#### [Try it]
Repeat the lines below exactly as written, please, from the line with "DIY Thick Yarn" to the line with "1pk Westmed #0556", both lines included, and no others.

#### [Listed records]
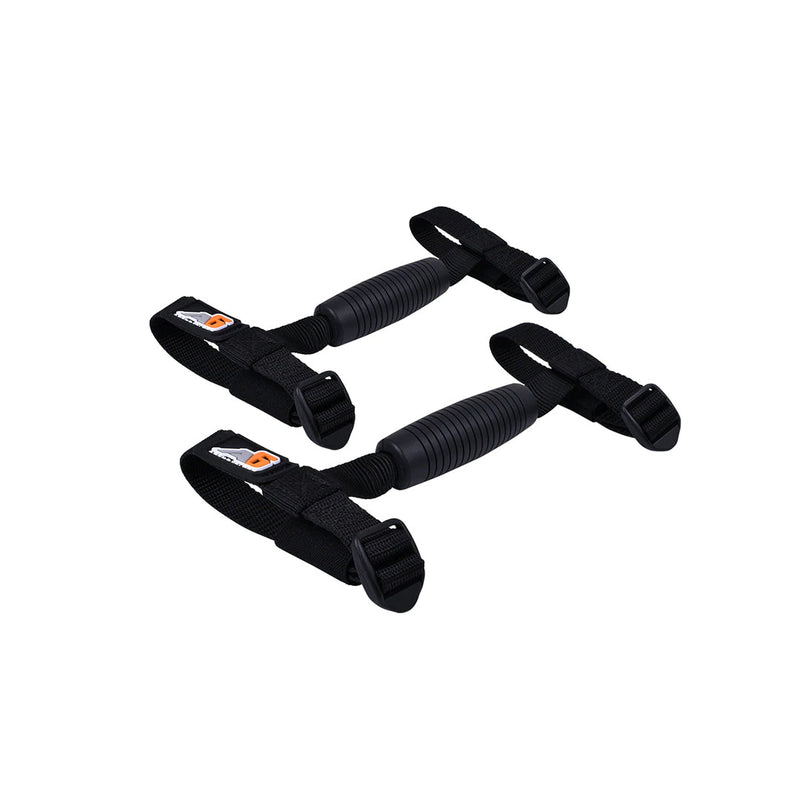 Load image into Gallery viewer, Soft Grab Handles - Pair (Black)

* * *

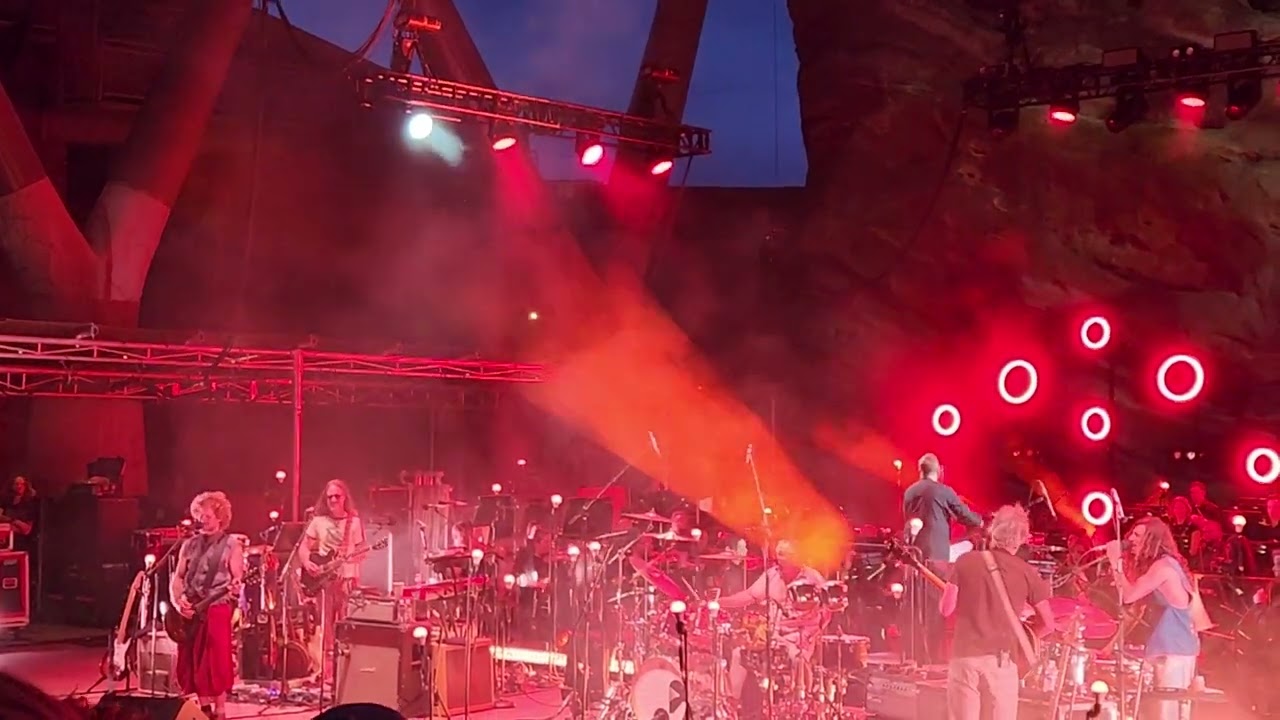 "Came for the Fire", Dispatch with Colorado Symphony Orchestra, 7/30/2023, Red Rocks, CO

==

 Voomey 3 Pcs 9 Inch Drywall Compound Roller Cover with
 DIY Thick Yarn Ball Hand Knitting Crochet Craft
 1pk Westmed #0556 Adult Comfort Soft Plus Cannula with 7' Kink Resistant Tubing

#### [Response to the exercise]
 DIY Thick Yarn Ball Hand Knitting Crochet Craft
 1pk Westmed #0556 Adult Comfort Soft Plus Cannula with 7' Kink Resistant Tubing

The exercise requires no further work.